Nonequilibrium transitions in complex networks: a model of social interaction
Konstantin Klemm, Victor M. Eguiluz, Raul Toral, Maxi San Miguel

TL;DR
This paper investigates how social interaction models behave on different complex networks, revealing how network structure influences the emergence of order or disorder in social dynamics.
Contribution
It demonstrates the impact of network topology on phase transitions in Axelrod's social interaction model, including the effects of disorder and scale-free structures.
Findings
Transition between ordered and disordered states depends on network type.
In small world networks, disorder shifts the transition point.

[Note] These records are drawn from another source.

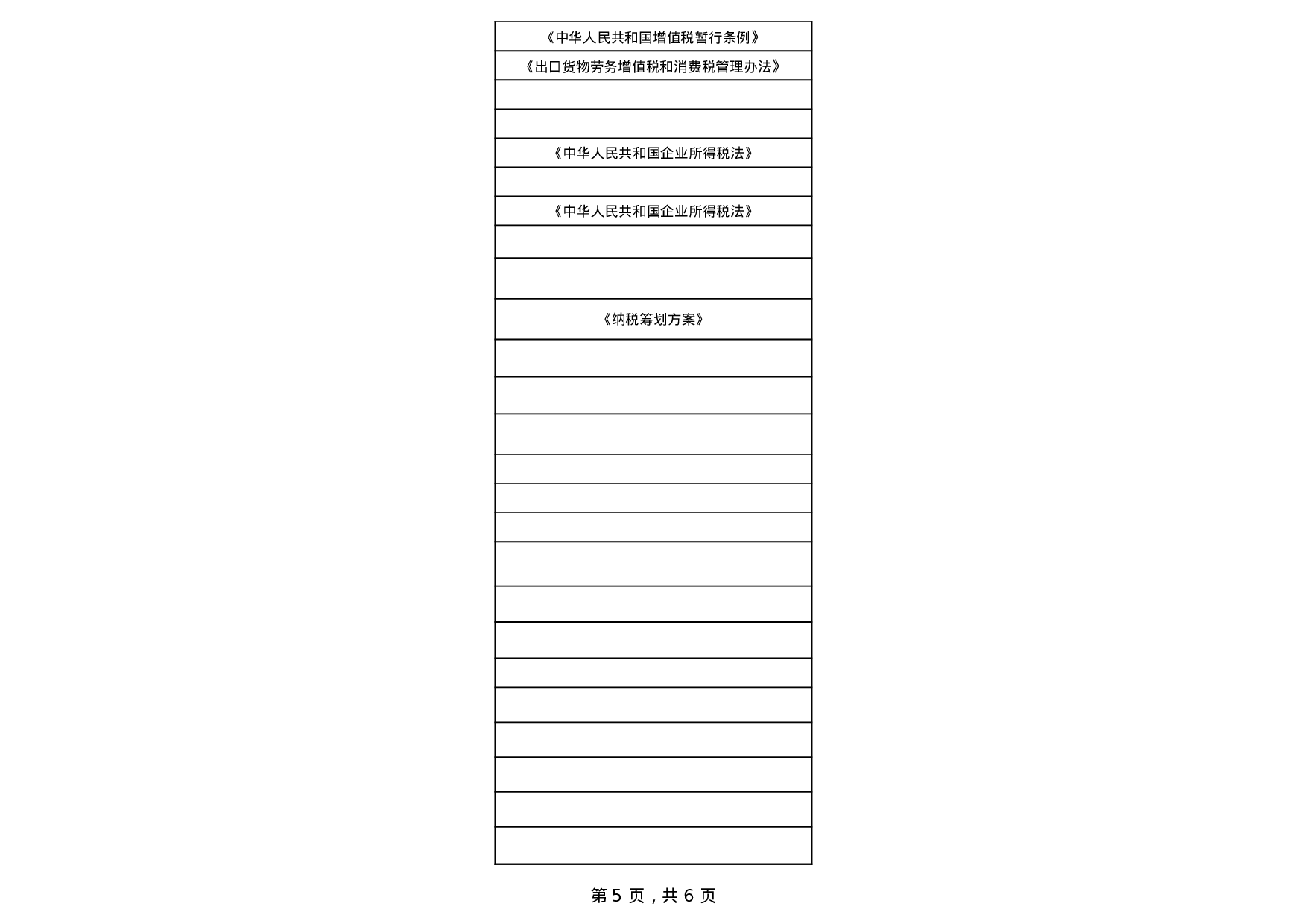 财务管理部目标与职责.xlsx 第5页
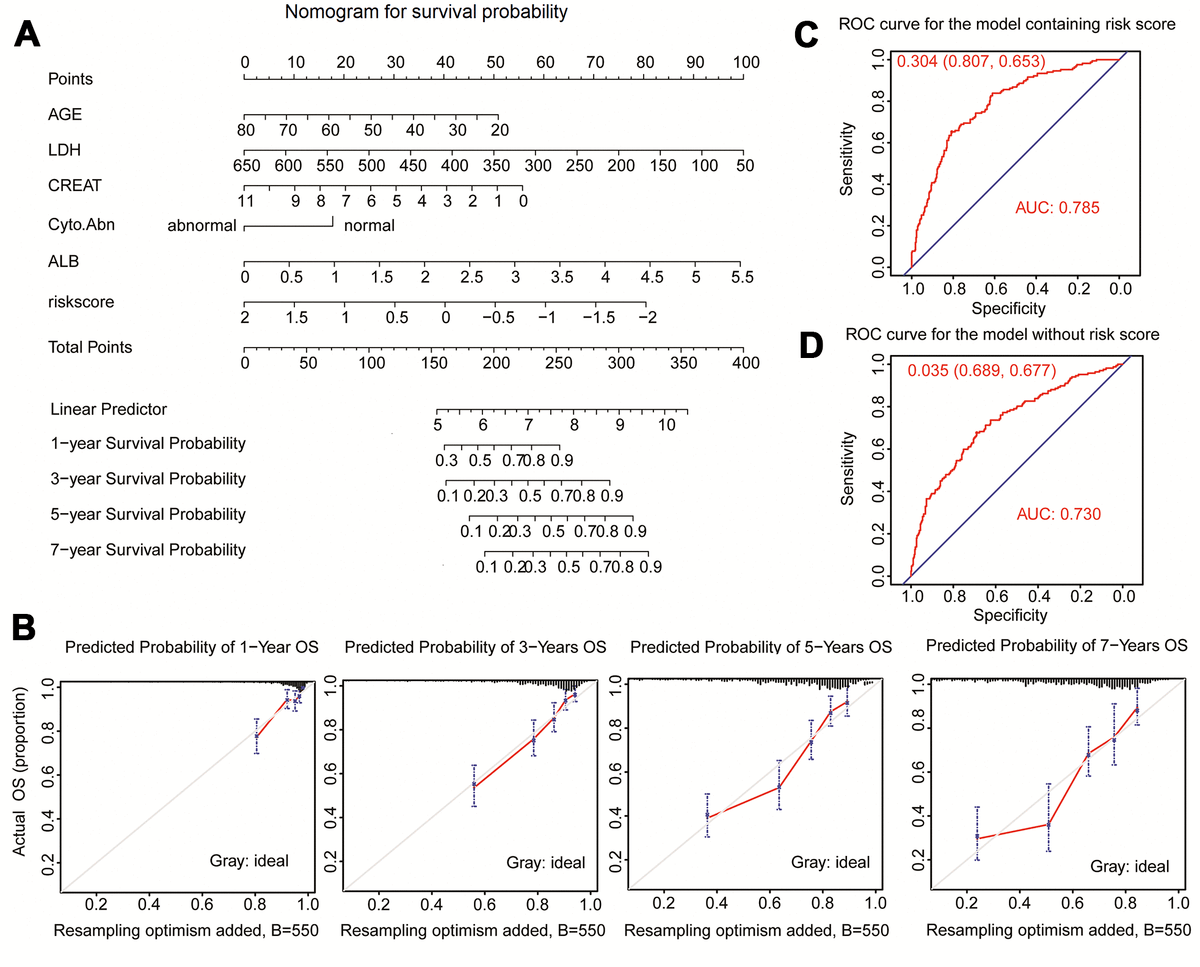 An interactive nomogram based on clinical and molecular signatures to predict prognosis in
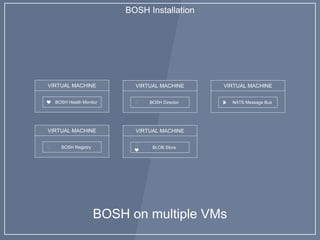 BOSH Installation
VIRTUAL MACHINE
BOSH Health Monitor❤️
BOSH on multiple VMs
VIRTUAL MACHINE
BOSH Director🎖
VIRTUAL MACHINE
BOSH Registry🎖
VIRTUAL MACHINE
BLOB Store
🎖
❤️
VIRTUAL MACHINE
NATS Message Bus📡
 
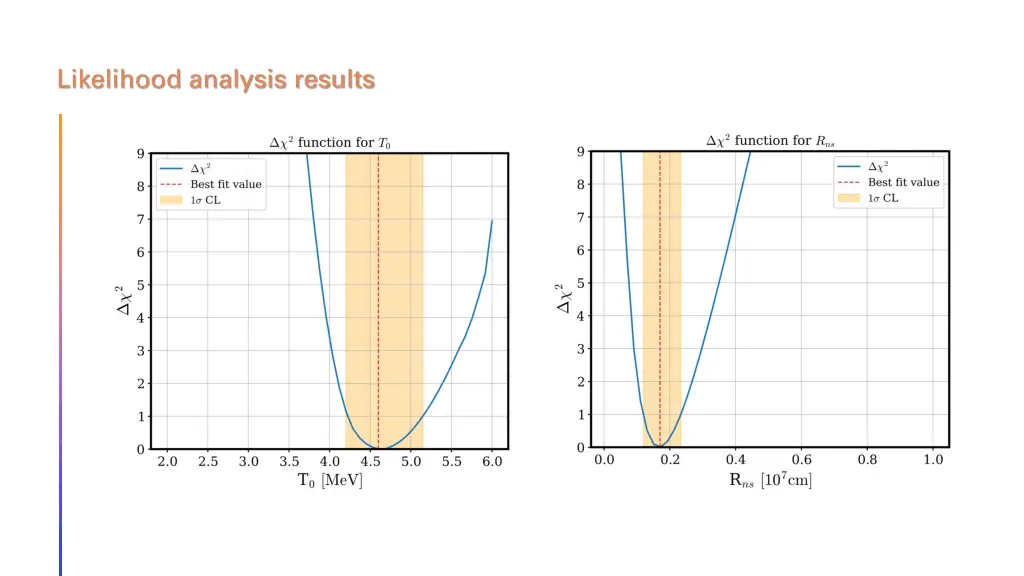 likelihood analysis results 1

In scale-free networks, the transition depends on system size and network structure.
Abstract
We analyze the non-equilibrium order-disorder transition of Axelrod's model of social interaction in several complex networks. In a small world network, we find a transition between an ordered homogeneous state and a disordered state. The transition point is shifted by the degree of spatial disorder of the underlying network, the network disorder favoring ordered configurations. In random scale-free networks the transition is only observed for finite size systems, showing system size scaling, while in the thermodynamic limit only ordered configurations are always obtained. Thus in the thermodynamic limit the transition disappears. However, in structured scale-free networks, the phase transition between an ordered and a disordered phase is restored.